1993 mass killing during the Bosnian War

The Mokronoge massacre was the mass killing of nine Muslim civilians in the village of Mokronoge, Tomislavgrad in Bosnia and Herzegovina. It was committed on 10 August 1993 by Ivan Baković, a soldier of the Croatian Defence Council (HVO) during the Croat-Muslim War. In November 1999, the Municipal Court of Zagreb found Ivan Baković guilty in absentia and sentenced him to 15 year imprisonment. After Ivan Baković was arrested, he was also tried in the Cantonal Court in Livno and found guilty of war crimes committed against the civilian population. In 2004, he was sentenced to 15 year imprisonment.

== Massacre ==

The explanation of the verdict of the Municipal Court in Zagreb, with Ranko Marijan as a presiding judge, stated that Ivan Baković, also known as Ikač, appeared together with at least one unidentified person on 10 August 1993 in the village of Mokronoge, at the doorstep of the Bešlaga family's house. Armed with an automatic and a machine-gun and wearing fatigues, he entered the house and aimed their weapons at Husein, Emir, Subha, Emira and Dika Bešlaga, Ibrahim, Muharem, and Mustafa Tiro, as well as at Sinha Đuliman. He ordered them to get out of the house. Together with his accessory, holding the victims at gunpoint, he took them to a nearby forest, some 500 meters away, and ordered them to lie on the ground, face down. Then, the two assailants fired at least 33 shots from the automatic gun and 51 shots from the machine gun. All nine victims were killed on the spot.

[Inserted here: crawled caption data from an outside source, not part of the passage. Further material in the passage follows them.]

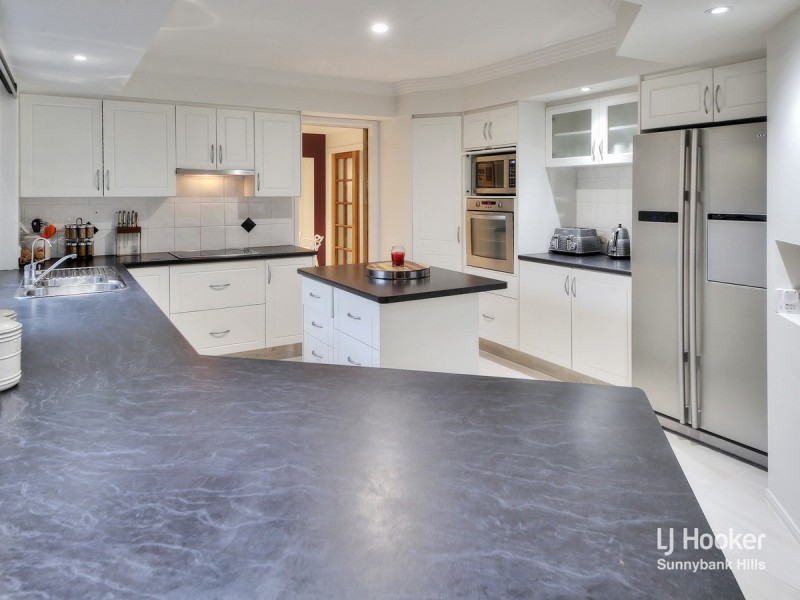 74 Blue Grass Crescent, Eight Mile Plains QLD 4113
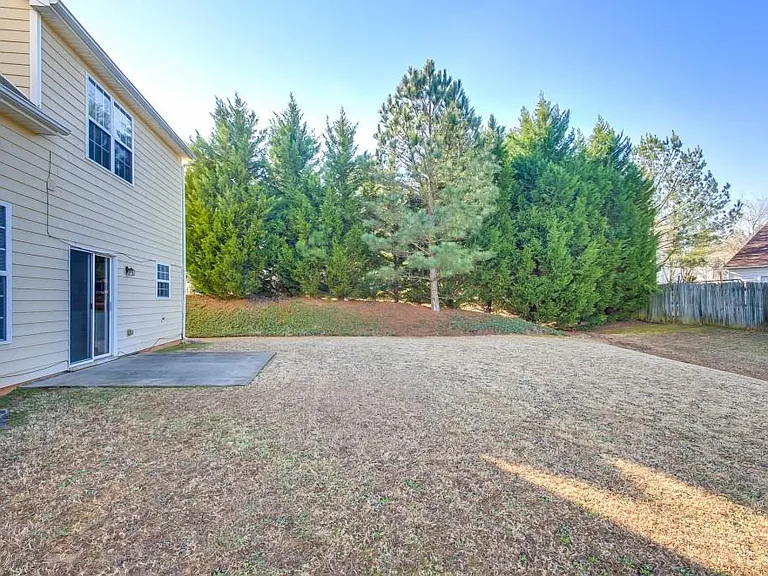 425 Lazy Willow Ln — Photo 3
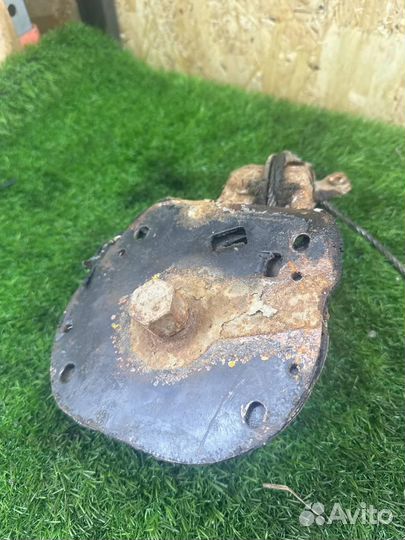 Лебедка запасного колеса оригинал D3 D4 RRS Land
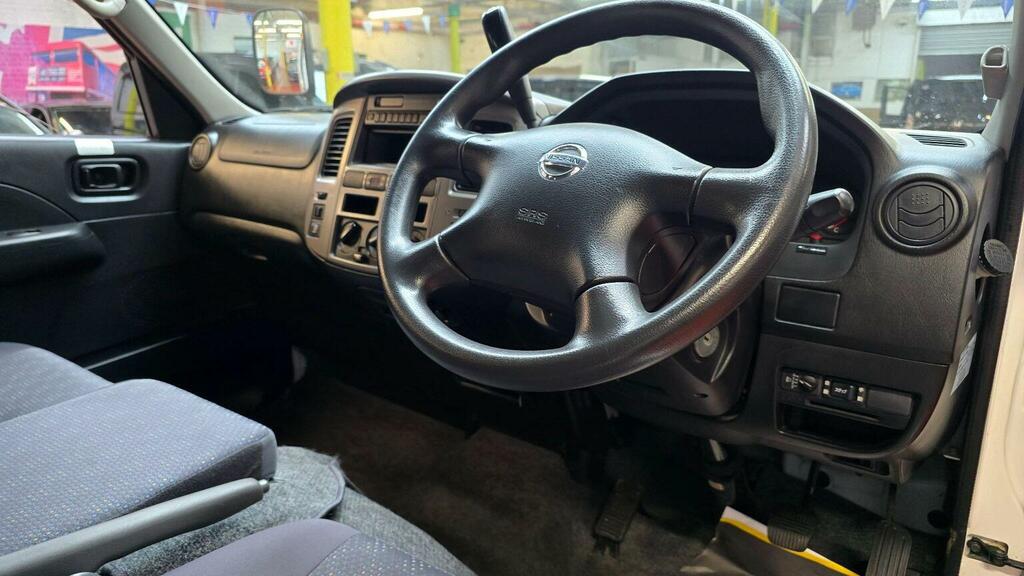 Nissan Elgrand Mpv Caravan Twin Mobility Chair Lift 200808 White #2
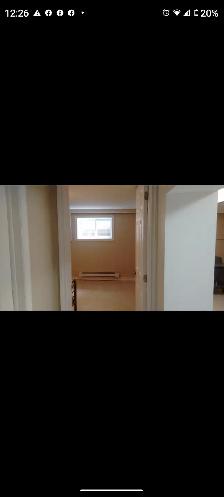 Two bedroom, basement apartment - Photo 5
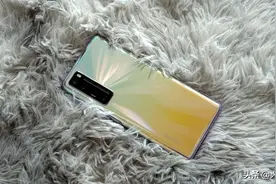 10月份的华为手机不能盲目乱选！优选三款华为值得好手机图片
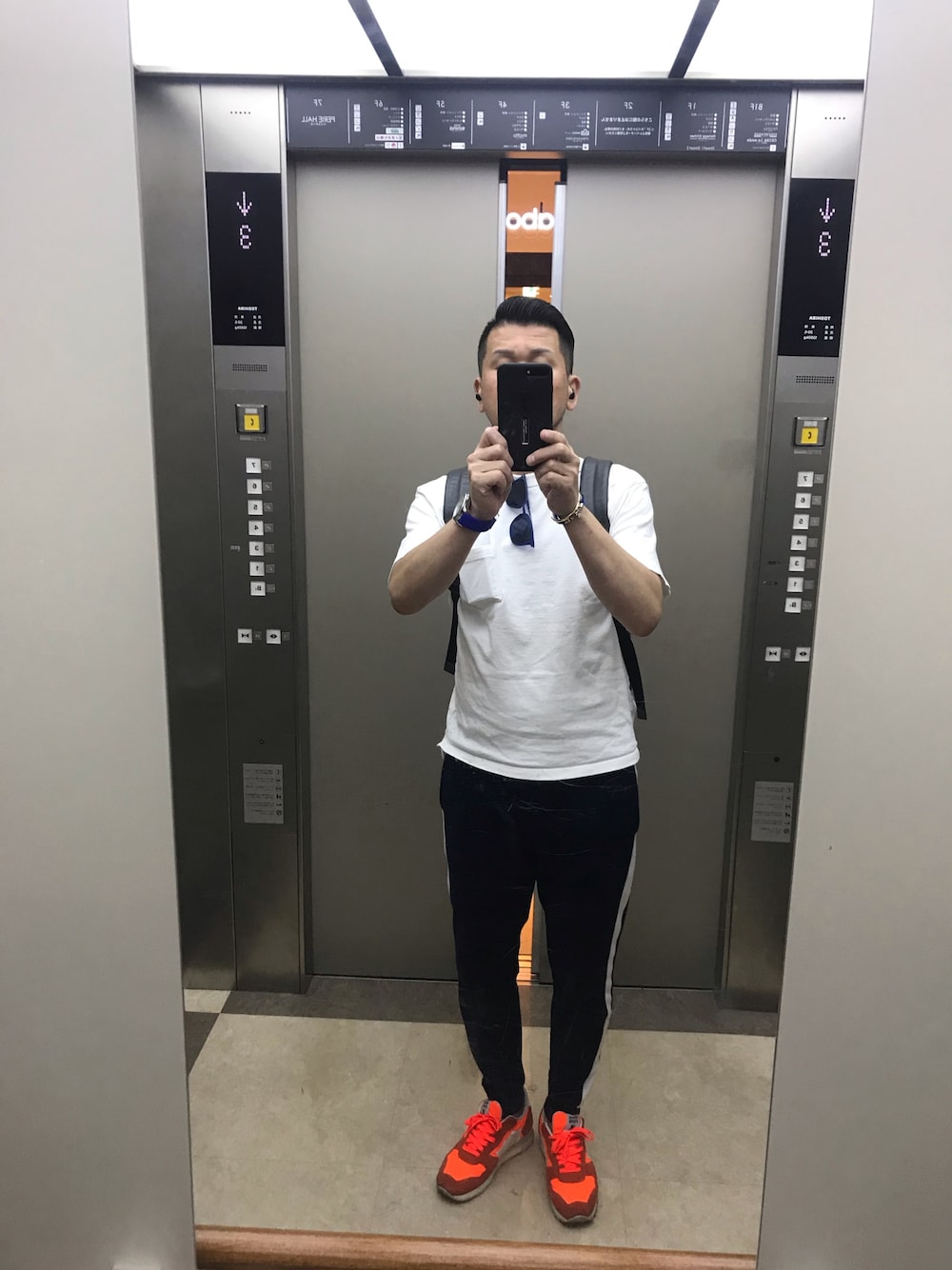 「GUのアイテム（Tシャツ/カットソー、ホワイト系）」を使った、いち。さん（メンズ・173cm）の夏コーディネートの1枚目の写真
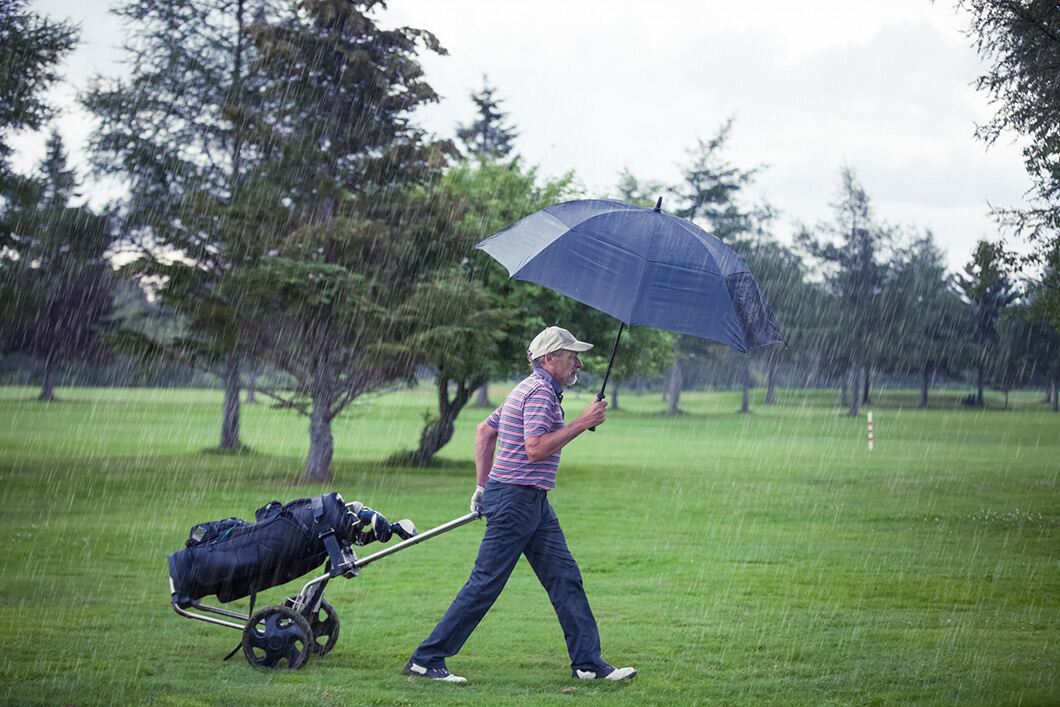 protect my golf bag from rain and moisture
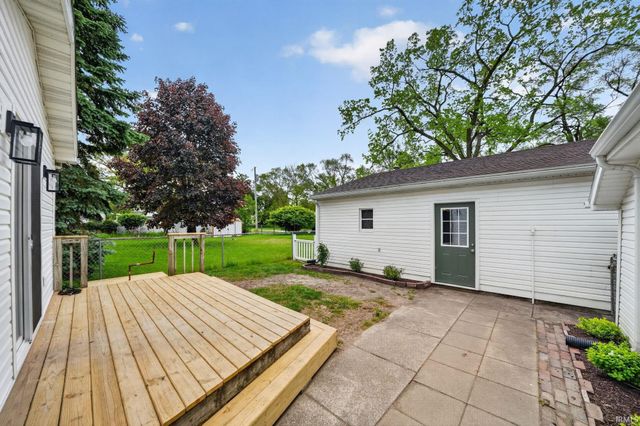 217 Stanley Street, Mishawaka, IN 46545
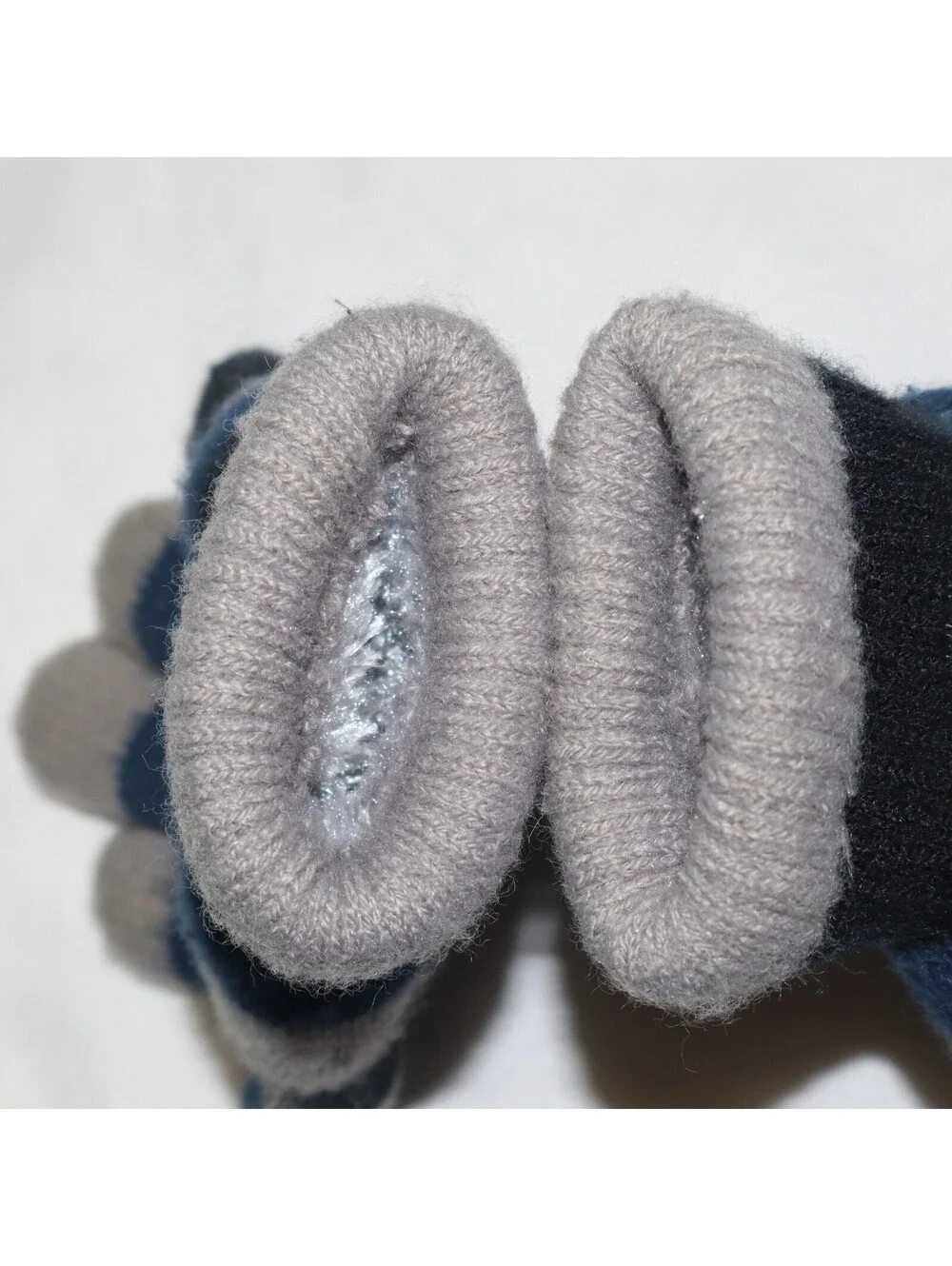 Boys Striped Knit Gloves Size Small Gray Blue Black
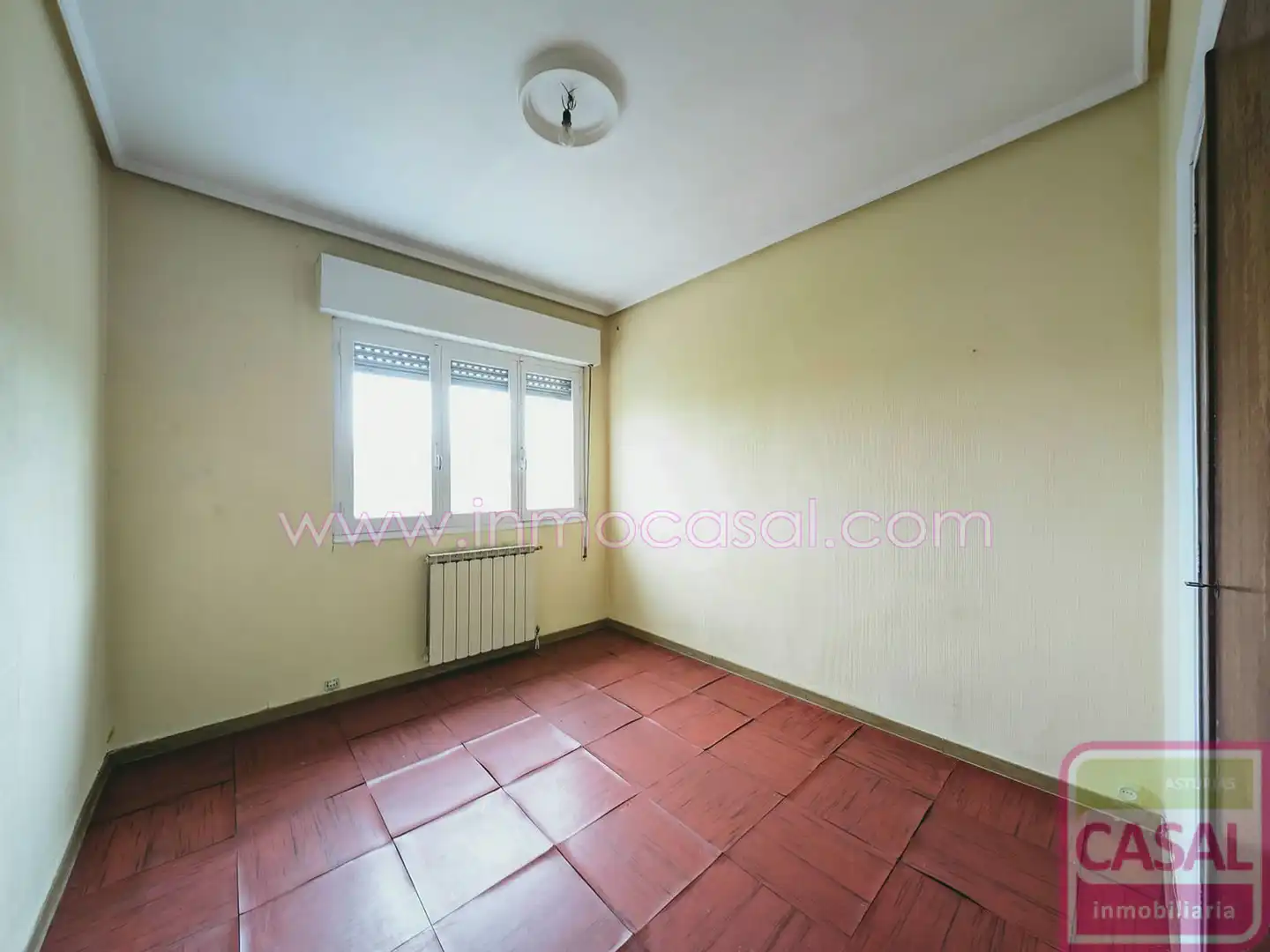 Habitación de Casa o chalet en venta en Oviedo  con Calefacción y Trastero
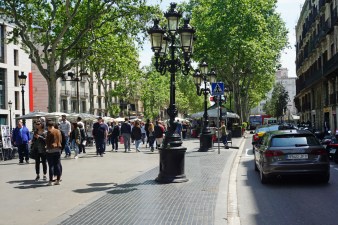 Advocates want to see Valencia look a bit more like this, with a bike lane. La Rambla, Barcelona, Spain. Photo: Wikimedia Commons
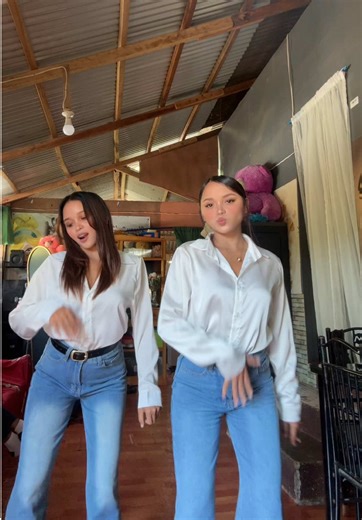 Dance Battle with DJ Glenn: The Dela Vida Twins Show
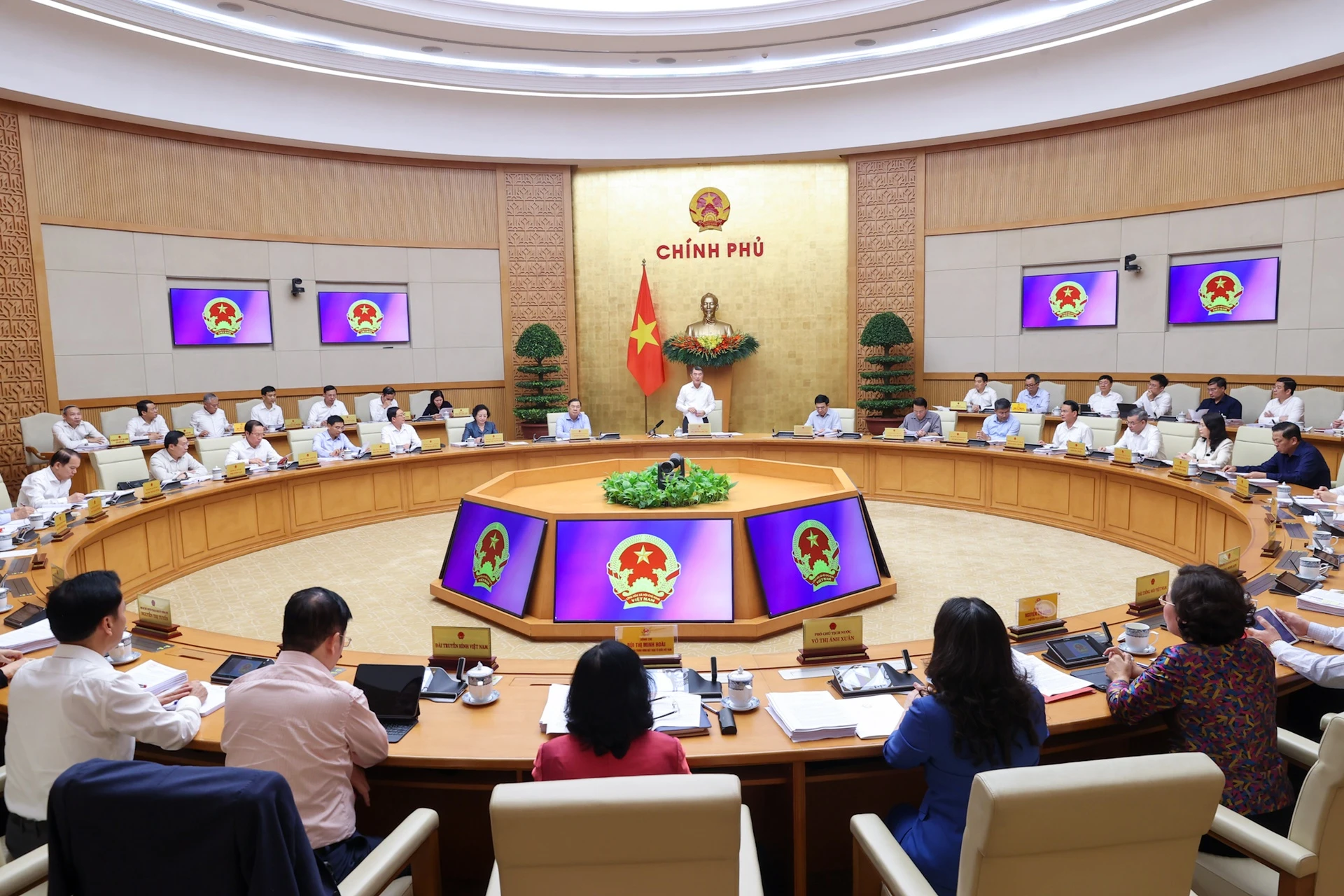 Thủ tướng Lê Minh Hưng ảnh 3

During the presentation of evidence before the court, the most relevant was the testimony of minor Amela Bešlaga, who recognized the murderer on the night he came to their house. Baković had been her father's best man at his wedding. When Baković ordered them to lie down, her mother implored him: "Don't do that brother Ivan. Your dad was a good man". Baković replied: "He might have been good, but I am an Ustaša", and took them out of the house.